The Old Man’s prayers was more sight than sound, really, more sense than sensibility. Just when he seemed to wrap up one thought, another come tumbling out and crashed up against the first, and then another crashed up against that one, and after a while they all bumped and crashed and commingled against one another till you didn’t know who was who and why he was praying it, for the whole thing come together like the tornadoes that whipped across the plains, gathering up the sagebrush and boll weevils and homesteads and tossing them about like dust.

Also, as noted above, humour is generated from the fact that Henry is dressed as a girl for the bulk of the novel.  This results in all sorts of sit-com like hi-jinks and shenanigans as Henry alternatively finds older white man trying to bed him, while coloured men and woman attack him for acting like a “sissy”.  While some of these comedy moments are genuinely funny, Henry’s ability to hide his true nature from people like Brown and his family start to stretch credulity.

Fortunately, there’s more to the novel then the comedy generated from Old Man Brown’s over the top prayers and Henry wearing a bonnet.  At it’s best, The Good Lord Bird explores the question of slavery and why someone like Captain Brown was able to attract so much attention and support and yet not achieve his aims – at least not in his lifetime.  In contrast to Calvin Candie’s simplistic take on the world, what McBride makes abundantly clear throughout the novel is that the black community was not a single monolith with a single voice.  Yes, fear and submission, as evidenced by slaves like Nigger Bob who want to be free but are too frightened to fight for it, does partly explain why there wasn’t a black uprising.  But as The Good Lord Bird illustrates there were those people of colour, like Frederick Douglass, who never submitted to slavery but eschewed a violent response in favour of showing white folk that a person of colour could match it with them intellectually.

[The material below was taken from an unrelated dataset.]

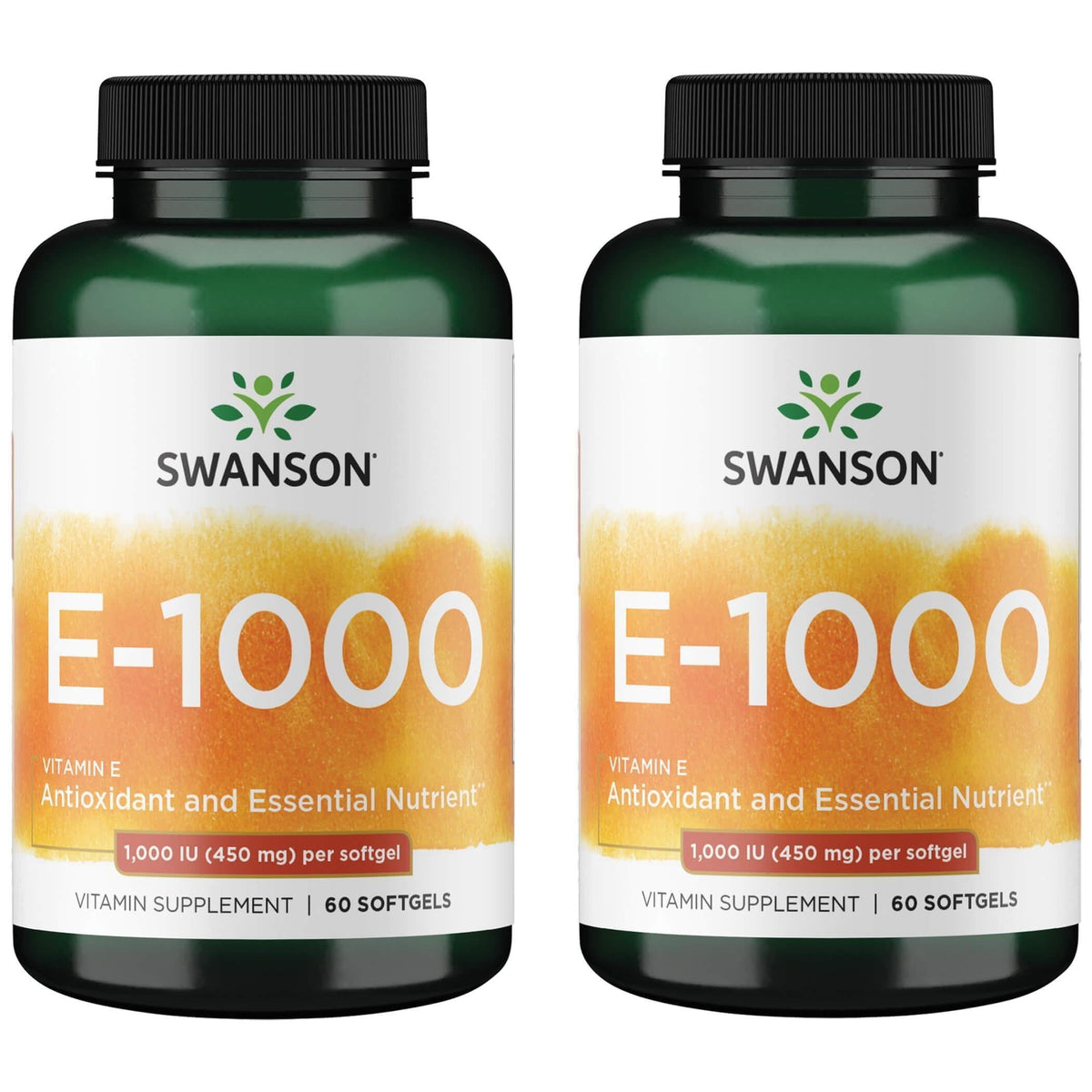 Swanson Vitamine E 1000 IU gélules 60 pièces, vue de face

And then there’s Sibonia, an old coloured woman cooped up like a chicken in a pen next to the whore house that Henry is staying at.  In one of the most powerful scenes in the novel, Sibonia and her cohorts and taken to be publicly hanged after it’s discovered that they planned to kill a Reverend.  Just before she’s executed, Sibonia explains to a wide eyed Reverend why she planned to kill him:

‘Reverend, it was you and your wife who taught me that God is no respecter of persons; it was you and your missus who taught me that in His eyes we are all equal. I was a slave. My husband was a slave. My children was slaves. But they was sold. Every one of them. And after the last child was sold, I said, ‘I will strike a blow for freedom.’ I had a plan, Reverend. But I failed. I was betrayed. But I tell you now, if I had succeeded, I would have slain you and your wife first, to show them that followed me that I could sacrifice my love, as I ordered them to sacrifice their hates, to have justice for them. I would have been miserable for the rest of my life. I could not kill any human creature and feel any less. But in my heart, God tells me I was right.

It’s Sibonia’s execution that lingers in Henry’s mind, and when the time comes for him to make his own choice – to run or to fight – he ultimately chooses to go back to Harpers Ferry and join Old Man Brown on his raid of the Federal armory.

The Good Lord Bird isn’t a perfect novel.  Laughing at a boy dressed as a girl isn’t exactly the height of comedy and also has a nasty connotations attached to it.  And yet, while it might provide a broad caricature of Old Man Brown and his mission it gives a nuanced understanding to the question of slavery, one that not only refutes Calvin Candie’s simplistic view on the world but also counters the idea that Django was exceptional, that he was the only person of colour who refused to submit.